Update : This article was transferred from my old website, and refers to the static site generation setup I used at the time.
I should give fair warning that this article is probably overly long and was written with little advance planning. It’s sort of a formless blob of information, to the point that the sections could be re-arranged with little harm being done (in fact I did this while editing).
A friend recently asked me, “How do you run a command on multiple
buffers in Vim at once?”. It turned out, they wanted to perform text
substitution (modifying a standardised header in multiple HTML files). I
suggested using sed -i instead. This got me thinking about a topic I’d
been considering a while ago: meta-programming.
Meta-programming is a programming technique in which computer programs have the ability to treat other programs as their data.
— Wikipedia, Metaprogramming.
This article considers ways in which the creation of code (or any regularly structured data) can be automated. It will focus on fairly primitive code generation, in the form of macros, snippets, completion, and so on. The central concept is that code generation, be it by (hu)man or machine, is part of a translation process between human thought and computer actions. It is desirable to move the cut-off point, below which the computer handles everything, as high as possible: doing so allows the human to more directly express their ideas when interacting with the computer.
I analyse the effectiveness of various meta-programming tools as ways of moving the cut-off up (at least) one level.
Best Practices and Language Design (Haskell)
I took a university module on functional programming last year, and the lecturer brought up the suggestion that the need for best practices and coding style guides is an indication of a poor language design. I think this is partly because they are sets of rules which lead to a lot of similar code being written.
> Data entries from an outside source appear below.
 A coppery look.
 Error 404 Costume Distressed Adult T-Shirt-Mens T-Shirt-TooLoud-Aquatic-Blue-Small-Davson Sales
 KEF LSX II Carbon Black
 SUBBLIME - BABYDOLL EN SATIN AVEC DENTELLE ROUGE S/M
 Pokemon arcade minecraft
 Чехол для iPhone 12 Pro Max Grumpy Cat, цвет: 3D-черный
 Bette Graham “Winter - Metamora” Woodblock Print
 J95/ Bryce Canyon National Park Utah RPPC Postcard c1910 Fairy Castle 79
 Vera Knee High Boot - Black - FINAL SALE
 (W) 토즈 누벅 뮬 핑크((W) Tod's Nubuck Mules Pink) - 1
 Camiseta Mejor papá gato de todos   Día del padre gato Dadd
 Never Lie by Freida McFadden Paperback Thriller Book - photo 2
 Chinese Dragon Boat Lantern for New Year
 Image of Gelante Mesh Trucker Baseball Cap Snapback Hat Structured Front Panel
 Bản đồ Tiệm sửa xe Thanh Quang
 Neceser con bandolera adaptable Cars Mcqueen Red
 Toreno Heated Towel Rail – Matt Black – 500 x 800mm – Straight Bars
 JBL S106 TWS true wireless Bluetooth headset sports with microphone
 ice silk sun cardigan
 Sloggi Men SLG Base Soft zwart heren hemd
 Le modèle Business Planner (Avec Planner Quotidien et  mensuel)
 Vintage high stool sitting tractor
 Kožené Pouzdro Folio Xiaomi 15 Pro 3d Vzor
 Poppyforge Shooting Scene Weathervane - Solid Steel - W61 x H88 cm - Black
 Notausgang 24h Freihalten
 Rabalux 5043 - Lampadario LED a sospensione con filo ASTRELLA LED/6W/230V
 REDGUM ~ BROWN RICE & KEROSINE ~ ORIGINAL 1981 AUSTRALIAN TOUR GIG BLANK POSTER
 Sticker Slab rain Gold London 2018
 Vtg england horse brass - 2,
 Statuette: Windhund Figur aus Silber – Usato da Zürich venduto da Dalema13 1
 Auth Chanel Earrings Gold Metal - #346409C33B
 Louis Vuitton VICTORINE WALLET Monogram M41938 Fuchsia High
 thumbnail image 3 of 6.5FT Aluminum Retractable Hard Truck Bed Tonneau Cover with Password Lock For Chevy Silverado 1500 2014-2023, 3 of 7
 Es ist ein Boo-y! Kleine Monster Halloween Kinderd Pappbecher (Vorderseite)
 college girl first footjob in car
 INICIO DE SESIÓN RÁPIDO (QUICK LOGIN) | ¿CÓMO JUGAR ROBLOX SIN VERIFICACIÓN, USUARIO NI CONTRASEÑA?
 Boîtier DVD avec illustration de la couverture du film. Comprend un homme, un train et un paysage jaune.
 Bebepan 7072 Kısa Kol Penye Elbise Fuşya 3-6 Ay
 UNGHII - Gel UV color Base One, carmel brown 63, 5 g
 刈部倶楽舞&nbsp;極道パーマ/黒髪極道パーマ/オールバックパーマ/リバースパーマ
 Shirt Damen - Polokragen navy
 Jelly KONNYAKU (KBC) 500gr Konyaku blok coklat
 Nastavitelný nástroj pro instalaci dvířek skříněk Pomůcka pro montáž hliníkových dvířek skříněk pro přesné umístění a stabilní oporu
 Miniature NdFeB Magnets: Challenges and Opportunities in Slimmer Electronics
Can we consider any situation where repetitive code or data is created to be evidence of poor design? Let’s look at “hello world”. All three of these programs represent the abstract task, “print hello world”, with more or less supplemental information, depending on the design goals of the language in question. Though the Java and Haskell programs are longer, information such as explicit type declarations can allow the computer’s translation tools to generate more efficient programs.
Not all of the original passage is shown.